It was a relief to leave Dover, a nasty little town full of white supremacists and sociopaths who slip date rape drugs into your beer and then send you home with your wife.
Ferried into Calais, we hefted our backpacks and set off in search of a brave-ish new world. We hadn’t gone more than 20 metres when Brenda said, “Whose idea was this?” I was staggering under the weight of my pack. Any attempt to speak would have left me utterly drained.
We reached the bus station and while Brenda was studying the timetables I slipped off and hired us a car. From then on our backpacking holiday consisted of us parking outside hotels and backpacking to reception.
Brenda was delighted when I told her that our days of roughing it were over and we made for the parking lot. “What the hell is that?” she barked. “I thought you said we had hired a car.” Apparently in Brenda’s world, a Renault Clio doesn’t qualify as a car.
The only way to drive a gay car is hard and fast and soon we were barreling down the road to Paris while our fellow motorists waved their arms about and shouted words of encouragement.
“I love the French spirit,” I said.
“You´re on the wrong side of the road,” Brenda said.
My plan was to park in Versailles and catch a train in to Paris. “You would be a damn fool to take a car into the centre of Paris,” I said.
“Isn’t that the Arc d’Triomf?” said Brenda.
Versailles, like so many towns to come, was simply not where the map said it would be. With Brenda playing the role of Henry the Navigator, I’m not surprised.
I drove straight into 15 lanes of traffic rotating at high speed around the Charles de Gaulle circle. There were no visible markings on the road and no form of traffic control whatsoever. There are motorists who have been trapped in the inside lane at the Arc d’Triomf ever since the Americans liberated Paris from the Nazis.
Brenda said we should get out of the mayhem and head for the hills but I said I wanted to spend one night in Paris. “I bet you do,” said Brenda, giving me the lazy eye.
All the on-street parking in Paris is taken by residents who use public transport and only move their cars if someone in the family has to be rushed to hospital for open-heart surgery. Everyone else parks underground.
After numerous verbal incidents with excitable French drivers, we found an underground parking outside some kind of old church.
“That´s the Notre Dame Cathedral,” said Brenda. She knows these things.
After we had parked in the bowels of France and returned to the surface of the planet, I saw an old man pretending to be a hunchback. I laughed and laughed. “Good one,” I said, pointing at his hump. He tried to spit on me. Brenda said, “I don’t think he’s pretending.”
Brenda insisted we check into the Notre Dame Hotel because it was on the Boulevard San Michel and she wanted to feel like she was the one Peter Sarsted was singing about. I gave a hollow laugh. “I suppose next you will want to study at the Sorbonne and get the Aga Khan to give you a racehorse and show off your topless suntan …”
Brenda said I was being ridiculous, which I take as a compliment these days. We went for dinner at a restaurant staffed by waiters so inconspicuous and guarded that I wondered if they thought we were Germans and they were still in the Resistance.
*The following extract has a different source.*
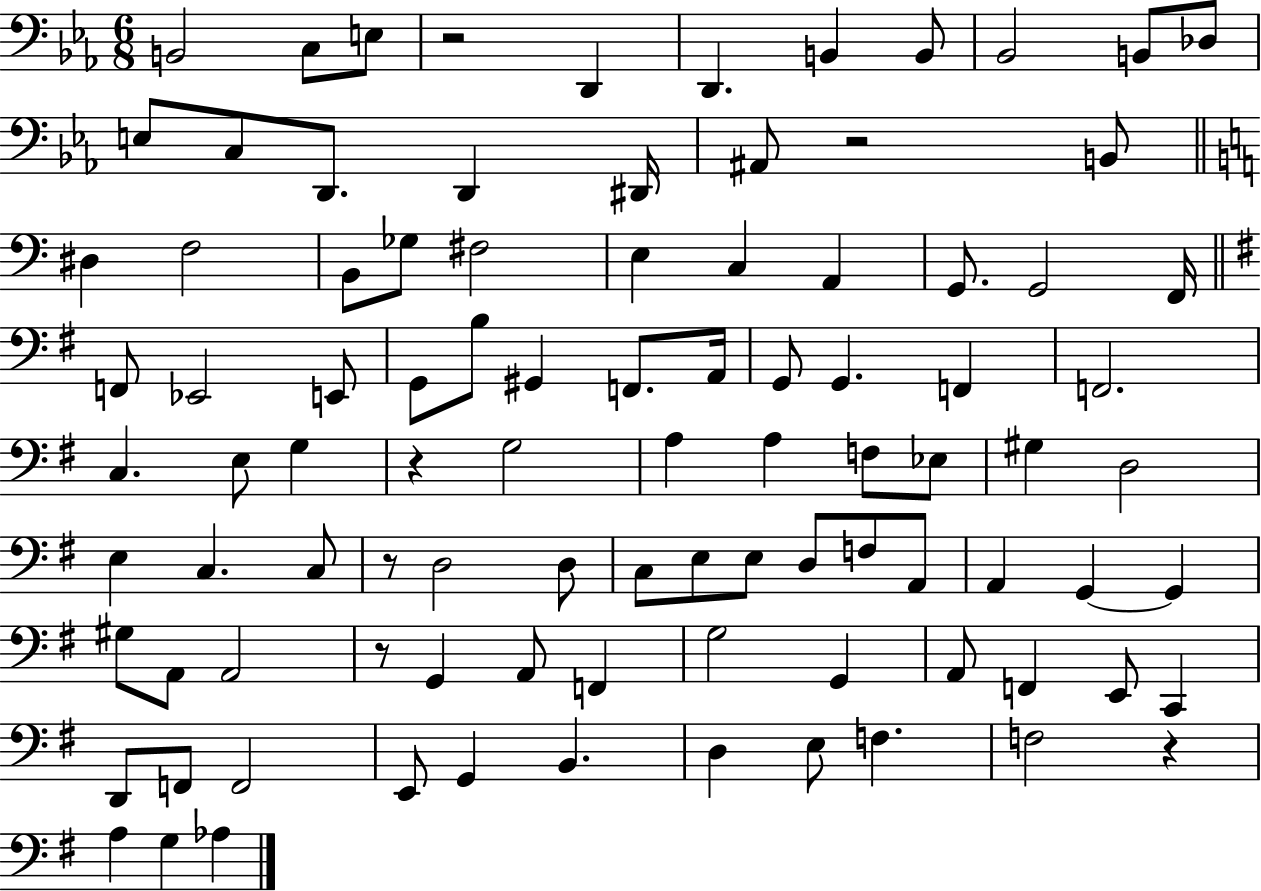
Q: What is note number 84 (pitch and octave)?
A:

For reasons which make no sense, our drive through Europe turned into something akin to the Paris to Dakar Rally. Right through France, ours was the fastest car on the road. Not a single person overtook us. Well, one or two tried but I managed to shut them out.
By the time we reached the Spanish border I had a renewed respect for the Clio. Brenda showed no signs of renewed respect for me.
I was relieved to see that all borders had been scrapped between European Union countries. The last time I was here, I was travelling with a couple of South Africans who duped me into stuffing a bag of contraband down the front of my trousers. I was frisked by a border guard and literally came within a finger’s breadth of a Spanish jail, deportation and, ultimately, a crushing look of disappointment on my mother’s face.
San Sebastian is the first Spanish town you hit after leaving Biarritz. It seemed to have grown enormously since I last set foot in the place. “So have you,” said Brenda.
Spain has a rich history of colonisation, invasion, conquest and reconquest by everyone from Phoenicians to the Visigoths to the Moors and, finally, the Christians who seem to have dug in for the long haul.
In Spain there are no new parts of cities. There are only old parts and really, really old parts. These are the ones we stayed in.
After checking in to a pension that looked as if had last been inhabited by a collective of anarchists on the run from General Franco’s thugs, we hit the tapas bars with a vengeance.
Brenda tried to teach me some Spanish but it started off badly. “For example,” she said, sighing heavily, “whisky has a different gender to beer.” I laughed like a love-sick goat. “After drinking the stuff, so do I.” She seemed unimpressed by my sparkling wit.
Keen to sink my choppers into a Spanish fish, the waiter said there was only hake on the menu. Of course. You have depleted your own stocks and now you want to give me a South African fish that was caught by Spanish pirates plundering our waters. I drew myself up to my full height, which wasn’t much since I was on my knees.
“How dare you?” I shouted.
“Que?” said the waiter.
“Exactly,” I said, knocking my beer into Brenda’s lap.
The next morning we did a high-speed dash across northern Spain, stopping only to slap and kick a petrol pump that refused to give us fuel. They have a peculiar system in Spain. You fill up your car and they trust you to go into the garage and pay. That would work really well in South Africa.
We reached Santiago de Compostela at dusk. This ruined city is ruined ever further by dozens of shops selling Jesus on a T-shirt, Jesus on a mug, Jesus on many different kinds of crosses. Plastic Jesuses. Silver Jesuses. Wooden Jesuses. Every kind of Jesus you can imagine. Except smiling. Nobody ever makes a smiling Jesus.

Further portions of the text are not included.